ENVIRONMENTAL EARTH SCIENCES, vol.81, no.10, 2022 (SCI-Expanded) identifier identifier

  • Publication Type: Article / Article
  • Volume: 81 Issue: 10
  • Publication Date: 2022
  • Doi Number: 10.1007/s12665-022-10408-7
  • Journal Indexes: Science Citation Index Expanded (SCI-EXPANDED), Scopus, IBZ Online, PASCAL, Aerospace Database, Applied Science & Technology Source, Aqualine, Aquatic Science & Fisheries Abstracts (ASFA), BIOSIS, CAB Abstracts, Compendex, Computer & Applied Sciences, Environment Index, Geobase, INSPEC, Pollution Abstracts, Veterinary Science Database, Civil Engineering Abstracts
  • Keywords: Aggregate quarry, Flyrock, Burden, Factor analysis, ANFIS, Accuracy measures, BLAST, FRAGMENTATION, PARAMETERS, SIZE
  • Istanbul Technical University Affiliated: Yes


This study suggests application of variable reduction procedures for flyrock prediction. It was aimed to create robust and non-complex predictive models. Eleven operational blast parameters and rock mass properties were measured in an aggregate quarry. Dominant parameters for flyrock occurrence were determined by multivariate statistical methods. Two parallel ANFIS models were developed for flyrock prediction. The first ANFIS model was constructed based on the results of stepwise regression. Burden-hole diameter ratio, in-situ block size and specific charge are the input parameters of ANFIS 1. The second ANFIS model was created based on the results obtained by factor analysis. Burden-hole diameter ratio, bench height-burden ratio, number of holes and charge weight are used as input parameters for ANFIS 2. The calculated mean absolute percentage errors are lower than eight percent for the ANFIS predictions.
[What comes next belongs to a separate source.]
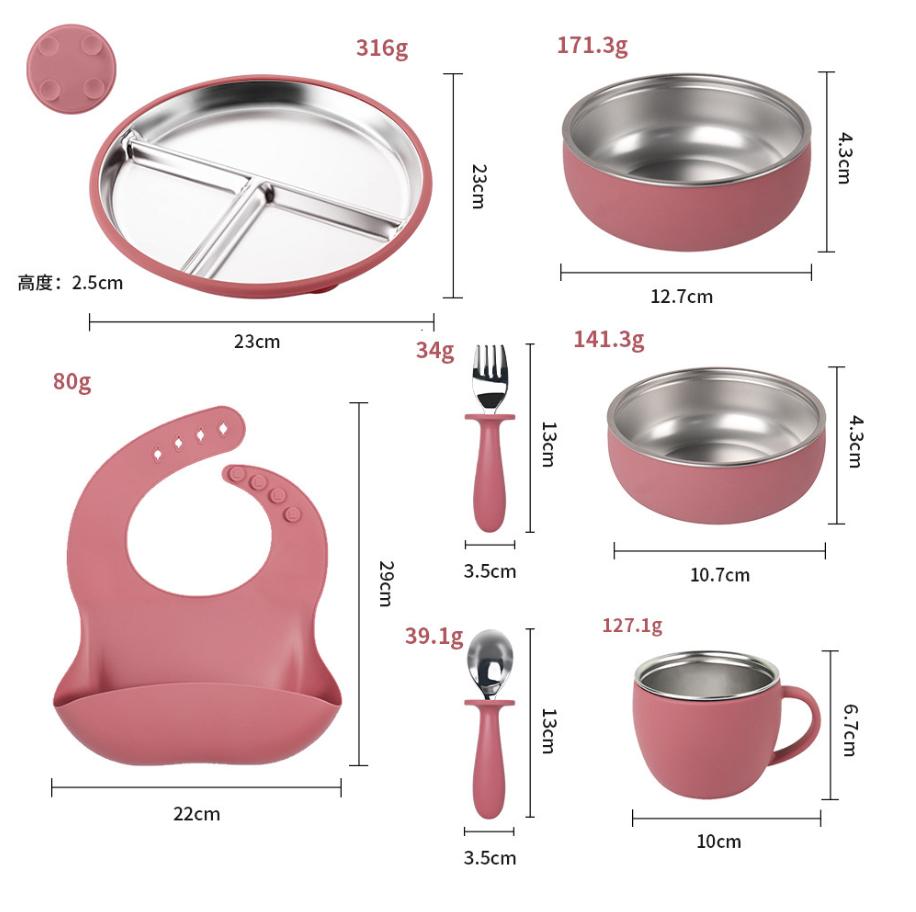 7-Piece Children's Dishes Set Baby Stainless Silicone Tableware Set Suction Cups Forks Spoons Mother and Baby Supplies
The median absolute errors are lower than 5 m. The study also investigates alternative accuracy measures to evaluate forecasting performance. Standardized errors, normalized errors and Nash-Sutcliffe Efficiency were found to be useful for model validation. It is concluded that more than a single model can be created for a specific site. Pre-statistical analysis for variable reduction increases performance of the predictive models. Burden appeared to be a significant parameter for flyrock throw.